He became legendary, too, for a memory so sharp and deep that he never took notes during a trial.
He also never asked clients whether they were guilty.
"If a client asked me if I believed he was innocent, I said, 'You didn't hire me to give my opinion on your guilt or innocence. You hired me to get you off, and that's what I'm going to try to do,' " Mr. Kaplan says.
"My wife asked me for 52 years how could I represent a man I knew was guilty. I said to her, 'I don't know he's guilty till a judge or jury finds him guilty.'
"Besides, I told her, 'you and the children want to eat?' "
The Kaplans of Eutaw Street
Mr. Kaplan has lived in Baltimore since he was a few days old. He was born in New York City a couple of days after his parents stepped off a boat from Lithuania. They came right to Baltimore, where they had friends.
Lena and Charles Kaplan made women's clothing in a shop on Eutaw Street. Then they went into the grocery business, and later they bought and sold real estate. They had four children after Morris.
"You had an option whether you wanted to be a doctor or lawyer," Mr. Kaplan says. "In the Jewish ideology, the oldest became a professional. And any boy, if the parents had the money, was to be a doctor or lawyer."
Mr. Kaplan went to City College and then the University of Baltimore. He zipped through in 2 1/2 years, graduating in 1928, when he was 19.
Mr. Kaplan had to wait until he was 21 to practice. He started with personal-injury and divorce cases, then represented bars on The Block and finally settled on criminal law.
"I handled the kind of cases most of us can understand -- the ordinary rapist, robber," Mr.

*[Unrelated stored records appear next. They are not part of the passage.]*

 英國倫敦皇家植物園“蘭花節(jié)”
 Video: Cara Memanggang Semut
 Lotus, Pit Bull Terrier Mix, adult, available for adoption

Kaplan says. "They're not very complex cases.
"But drugs have changed society altogether. You have a different kind of defendant today. The ages are 14 to 18. They're mad, really mad, like mad dogs. They have no remorse. Basically, they're born without kindness, compassion and lack of any decent qualities."
So how does someone, especially someone in his 80s, defend such a person?

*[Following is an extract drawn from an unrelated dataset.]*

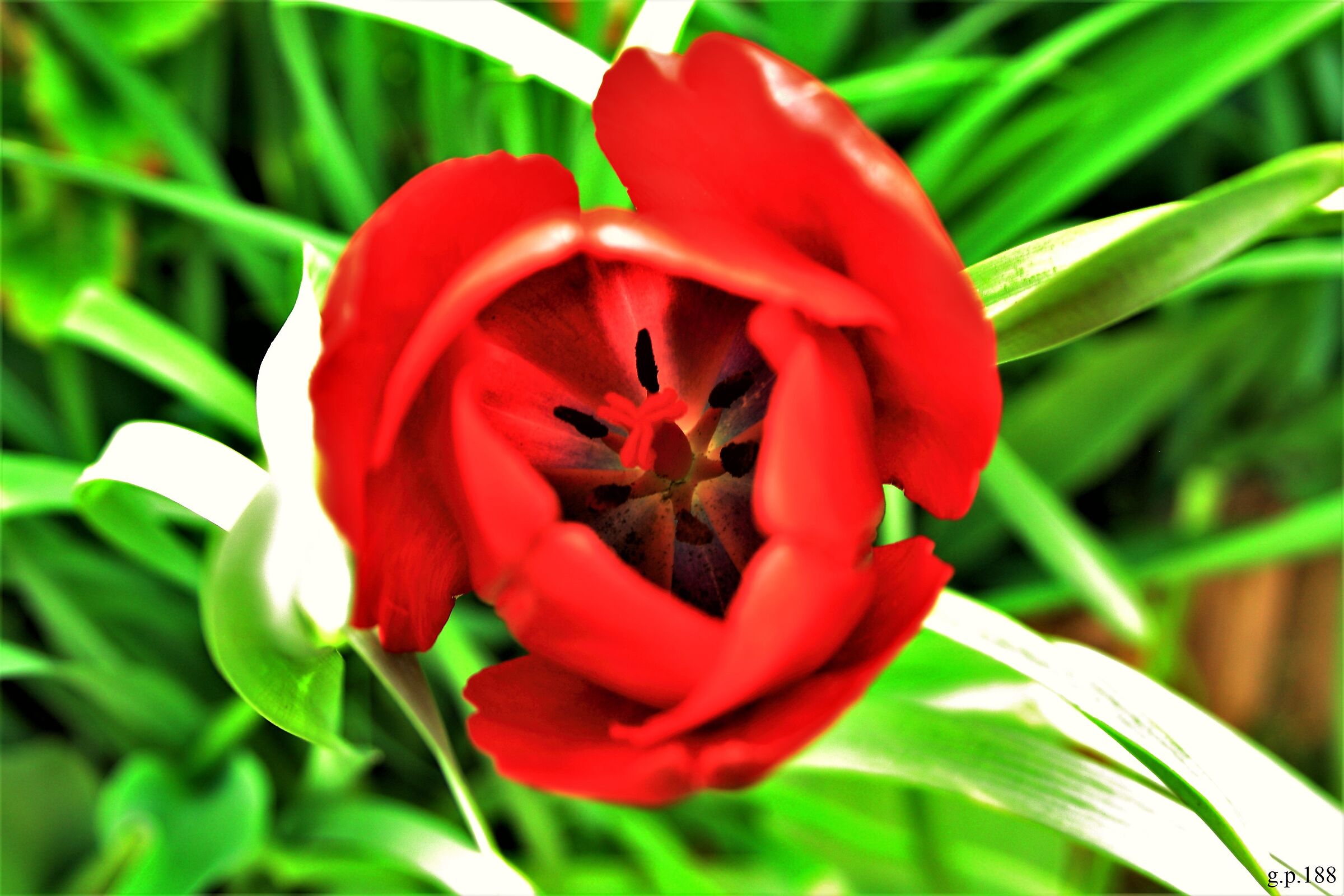 Inside a Tulip...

"I told everybody, lawyers included, that at the end of the day I went home, I completely forgot about it," Mr. Kaplan says. "Maybe the defendant didn't, but I did.
"Some people wonder how you can be a funeral director. I get sick looking at a dead guy. Well, I had a client once, a Lithuanian funeral director named Grebliauckas.
"He came in all happy one day. I asked him: 'What you got to be so happy about?' And he said: 'I had three funerals today.' "
So there you have it, Mr. Kaplan says. He has been happy being a criminal lawyer.
"I've lived like a king," he says. "I have a nice home, a beautiful, wonderful wife for 52 years. Before she died, she had four children who lived in style.
"We gave them a legacy money can't buy. They're all handsome or beautiful. They've all got brains. They've got good stomachs. And they all have a sense of humor.
"I met the best of people. I've been to the best places. I've seen all the sporting events. I've eaten at the fanciest restaurants.
"But really, my favorite at home is still a bologna sandwich for dinner, and I'm not kidding."